I was ridiculously overwhelmed with stuff at work, missing home and friends like crazy, frustrated at situations beyond my control, and exasperated by the tantrums that have plagued our house as of late.
Sometimes I lose my cool with my daughter. I admit it.
Last night, Mr. P had to take her while I covered my ears unable to listen to one more high pitched squeal. I can't take it.
Fortunately I co-parent with the most amazing person on the planet. Where I am weak, he's literally strong. When I can't take the whining (seriously, it's like nails on a chalkboard to me), he steps in. When he loses patience over her asserting her independence, I step in because I so admire that trait and have more patience in guiding it.
I have zero clue what this little girl is going to grow up to be. Zero. Fortunately I believe that He does and I get to just watch as she becomes who she is already destined to become. I do hope though that her father and I pass onto her so many things through the way we are and the way we live.
I hope that she someday finds a man that makes her laugh and chases her around the house til she's crying with giggles like her father does me. I hope she sees him hug me and kiss me and know that's what a marriage should be. I hope she finds someone that she can bicker and carry on with and then laugh at how ridiculous they both are being.
I hope she's as hardworking as her father. I hope she has the drive to succeed that's instilled in him. I hope she has the fierce love for her family that he has for his.
I hope she laughs like I do. I hope it's loud and obnoxious and so joyful that others around her laugh with her just because its physically impossible for them not too. I hope people flock to her just because she's such a joy to be around.

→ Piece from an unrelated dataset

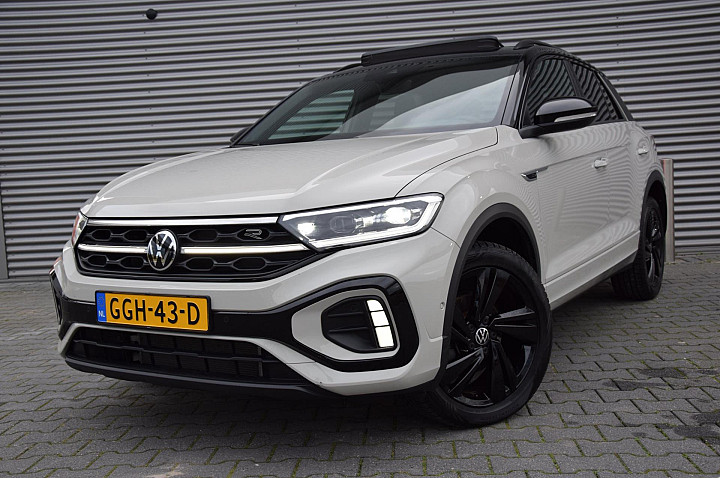 Volkswagen T-Roc 1.0 TSI R-Line Panorana Dak, 1e eigenaar 8500 KM !!!!!!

I hope she has my book smarts and her father's common sense. I hope that she, unlike her Mom, can keep up with her keys, phone, and purse daily, but if she can't, I hope she can laugh at herself and promise to put them in the "same place next time" just like me.
I hope that she loves the Lord. I pray daily that she never struggles the way I did. I pray that she's never that broken or having to search that hard for the love that is right in front of her. I hope she gets up every day and reads the Bible her Dad leaves laying on the couch after his morning quiet time or the one I leave laying wherever I plopped down with my coffee. I hope she thirsts for that word and enjoys going to church with us each week.
I hope she has the heart her Dad has for other people and the one I have for animals. I hope she fights for the underdog like I do, sees the good in people like I do, but has the wisdom to see the bad n them like her father does. I hope she's slow to anger like her Dad and bites her tongue way better than her Mom.
Most of all, I hope she's happy. I hope the laughter that rings through this house gets into her bones. I hope she carries out her days with a peace that comes with the confidence in knowing that she is awesome. I hope she's secure in who she is and where she's heading.
I hope more than anything that she stays my best friend. I hope she stays her Daddy's "Princess. I hope that she stays faithful to the Lord. I hope that we leave an amazing legacy for her that she's proud to live up to.